We usually think about primary storage as something that is close to compute resources (no matter if they are on-premises or on the cloud) while cloud-storage is something that we can access, more or less, from everywhere… but things are becoming fuzzy.
Primary as we know it
What do you really look for in a primary storage? Taking availability and resiliency for granted, the first things you look for are high IOPS, Low latency and predictability. Am I right?.
You want it as close as possible to your compute resources. Also when your data is actually stored in the cloud, on an object store for example, to get the performance you need you probably have a huge smart cache in the front-end (Avere Systems is a good example in this case).
For less latency-sensitive data and workloads, usually stored on a secondary storage, you need less predictability and also latency is not a huge issue. In some cases cloud storage is ok… Object storage and all the applications leveraging it, for example, are thought up to manage variable and high latency.
But Cloud comes into the game
The real problem is that infrastructure is no longer in a single location. No matter what cloud service you are using, resources are now spread out between your datacenter(s) and the cloud(s)… your infrastructure is hybrid and problems can arise.

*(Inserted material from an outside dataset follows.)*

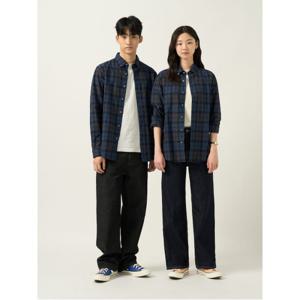 남녀공용 블랙워치 체크 셔츠  애쉬 (BC5864C114)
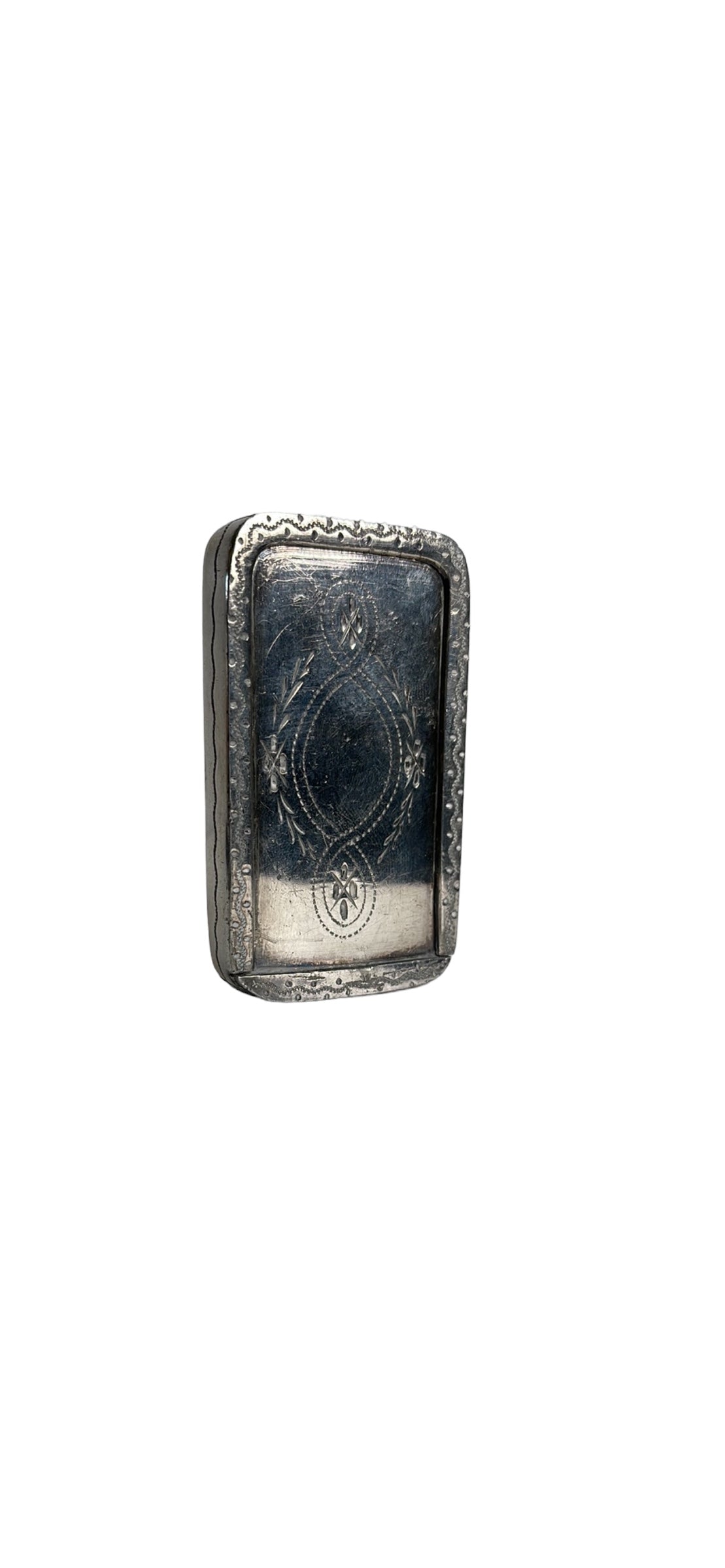 Small Silver Box with Sliding Lid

The nice thing is that technology is maturing pretty quickly and now you can move (and convert) VMs and services easily between different private or public infrastructures. Yes, there are still major limits and constraints, but we are getting there. The real problem lies in the fact that you have less control than in the past, especially if you are using public clouds and your services are spread out in different regions/areas. You can mitigate the problem by spending more money (for example by using lease lines?) …but is it a long term and sustainable solution?
The problem of primary storage in the cloud
Service providers like Amazon do not commit in any substantial way to SLAs. They give you no assurance about the storage performance you can carve out from one of their VM/VPS. In fact, it’s not unusual to spin up two identical VMs and find out that they perform differently. It can be good for certain type of workloads, much less in other cases… especially if you have to integrate modern and legacy applications in the same infrastructure.
Predictability is just the tip of the iceberg! Shared storage is less common than you might think, (now Both Amazon AWS and Microsoft Azure make use of it, but it’s still quite limited), data services are limited too, and so on…
Looking for a solution(s)
There are many startups and primary vendors that are trying to match primary storage needs with the unpredictability of the cloud. They all have different solutions, some of which are still immature, others are very interesting but with limited use cases. In any case, we are only at the beginning and I think there will be a lot of development in this area in the near future.
The solution landscape is already large and I’d like to share a few examples just to give you an idea of what is happening:
• Zadara Storage: This is a startup selling Virtual Private Arrays. The solution is simple and clever. You can configure your own array based on a couple of virtual controllers and a variable number of disks and you take full control of it. It’s your array in all its aspects and multi-tenancy is granted by design (since your disks and Flash are accessed only by you). The solution is available from primary service providers (like Amazon) as well as from private cloud deployments. For example, you can manage replication between two different providers or between a provider and your DC.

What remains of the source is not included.